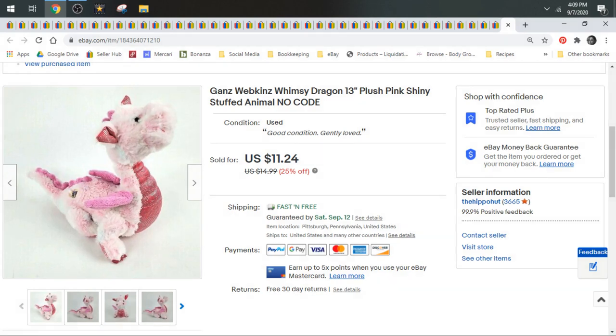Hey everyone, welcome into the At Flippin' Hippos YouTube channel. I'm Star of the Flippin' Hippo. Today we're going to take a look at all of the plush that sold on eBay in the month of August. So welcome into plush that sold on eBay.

--

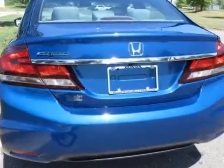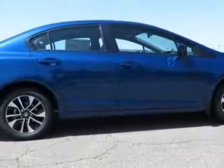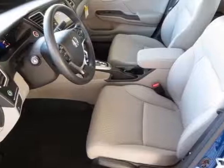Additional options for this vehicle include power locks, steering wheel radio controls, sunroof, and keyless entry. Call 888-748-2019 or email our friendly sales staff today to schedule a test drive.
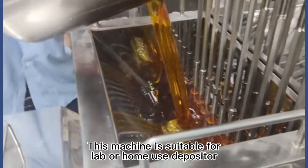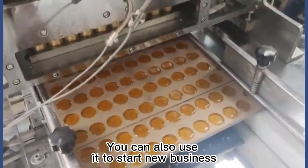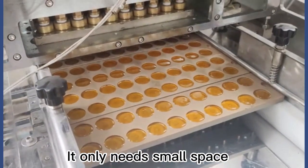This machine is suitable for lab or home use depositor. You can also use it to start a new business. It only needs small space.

---

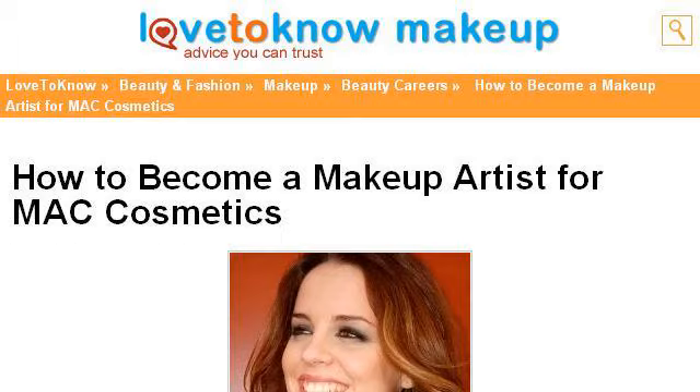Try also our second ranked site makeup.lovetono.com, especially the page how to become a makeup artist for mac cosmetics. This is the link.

◆ **Exercise directions**: Only one part of the material above is wanted: the lines from the one with "Additional options for" up to and including the one with "This machine is". Please copy them exactly, pictures left out.

◆ **Expected answer**:
Additional options for this vehicle include power locks, steering wheel radio controls, sunroof, and keyless entry. Call 888-748-2019 or email our friendly sales staff today to schedule a test drive.
This machine is suitable for lab or home use depositor. You can also use it to start a new business. It only needs small space.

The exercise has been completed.